Using separate journal files, etc doesn't seem the best way to me (since if the application file is copied, it might be copied improperly if there is a hot journal, or if the database is currently in use). I do have some ideas about how to put it in a single file by storing changed stuff on free pages, and using a new write version number but keeping read version number 1 except while a transaction is being committed; recovery will only be needed if it crashes during a commit, otherwise it is already rolled back (the new data may be present in the database, but it is on free pages, so they will be overwritten by any new data that will be written), so a `ROLLBACK` command simply unlocks the database and discards the in memory cache data, making it very fast. The disadvantage of this is that the database file might be up to twice as big (depending on how much data is changed in a single transaction) unless it is vacuumed.

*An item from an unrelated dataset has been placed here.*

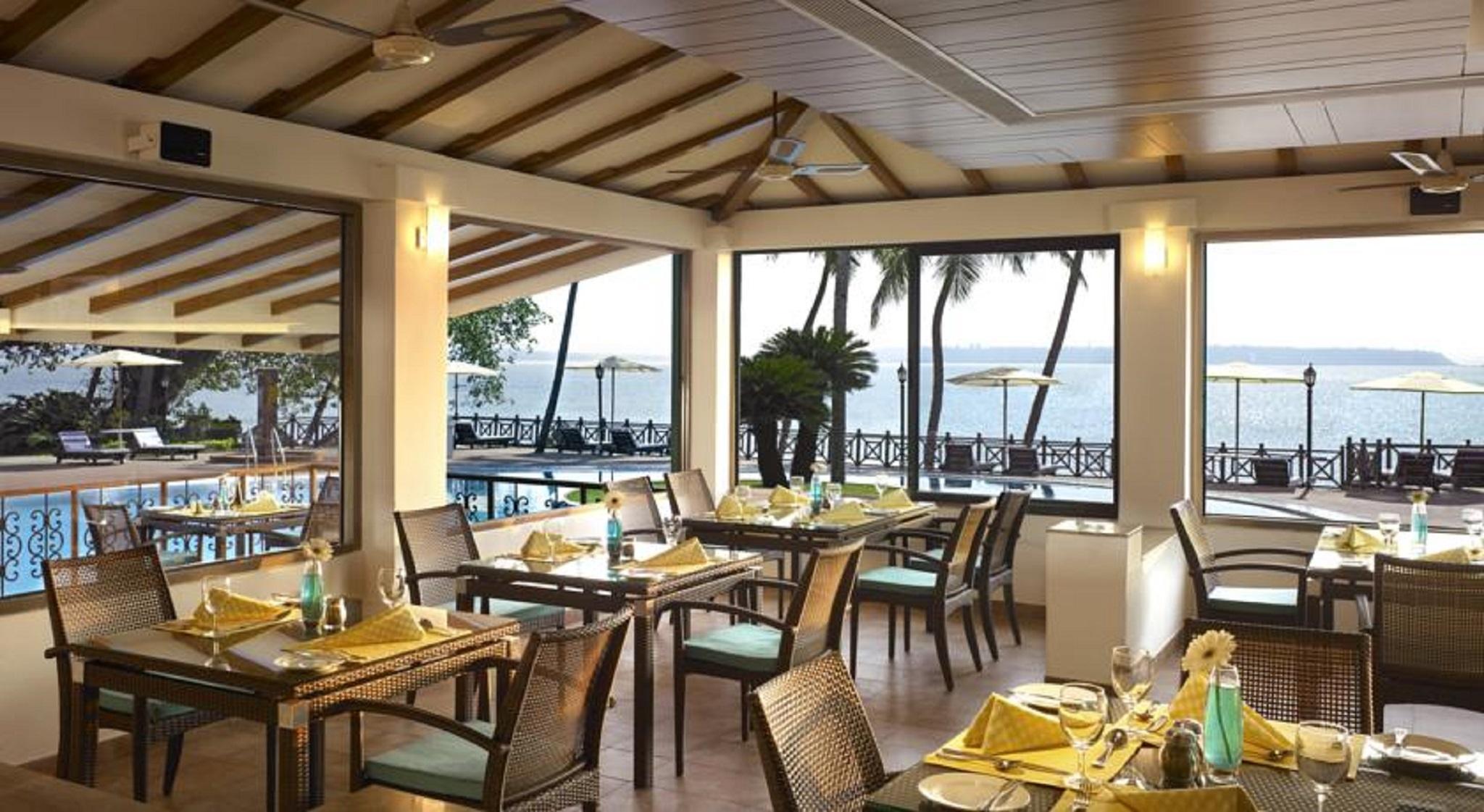 Cidade De Goa - IHCL SeleQtions Santa Cruz Buitenkant foto The Bayview lounge at Mumbai airport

The use of Unicode text is problematic I think, since it is inappropriate for many applications (no single character set is good for all applications, even though they keep insisting Unicode; a few people prefer TRON, which has advantages and disadvantages compared with Unicode). Although you can store blobs, custom collation does not work with blobs, and the built-in SQLite text functions assume that you are working with Unicode, even if you aren't. So, this requires making a mess in order to get it to work properly with anything other than UTF-8, UTF-16, or ASCII text (which is a subset of UTF-8) that lacks null characters; sometimes a blob will work, and other times, "false encoding" (i.e. treat the input as ISO-8859-1 (even though it isn't) and convert it to UTF-8 except that nulls become Unicode code point 256 instead of 0) is what I have considered (although it is messy, it is simpler than trying to convert to Unicode, which is often impossible anyways (despite what they say)). So, if you want to use TRON character encoding, PC character encoding, UTF-32, APL, etc, it doesn't do. (I know, because I have experience in programming these things.)

Also, some programming languages don't have SQLite, such as PostScript (which doesn't have good FFI anyways, unfortunately; you would have to communicate with an external program (possibly by using `printobject` or `writeobject`, which is a structured format which is fortunately is simple to implement in other programming languages (perhaps 10-20 lines of C `#define`s) even without having to parse the entire structure (it can be used in memory as is), but hardly any program expects such a format)), and probably many others that I have forgotten or am unaware of (I am glad that it is implemented in C, since I like the C programming language; its worst feature is probably the confusing syntax for types, I think). (Although, this is not really a problem with SQLite itself.)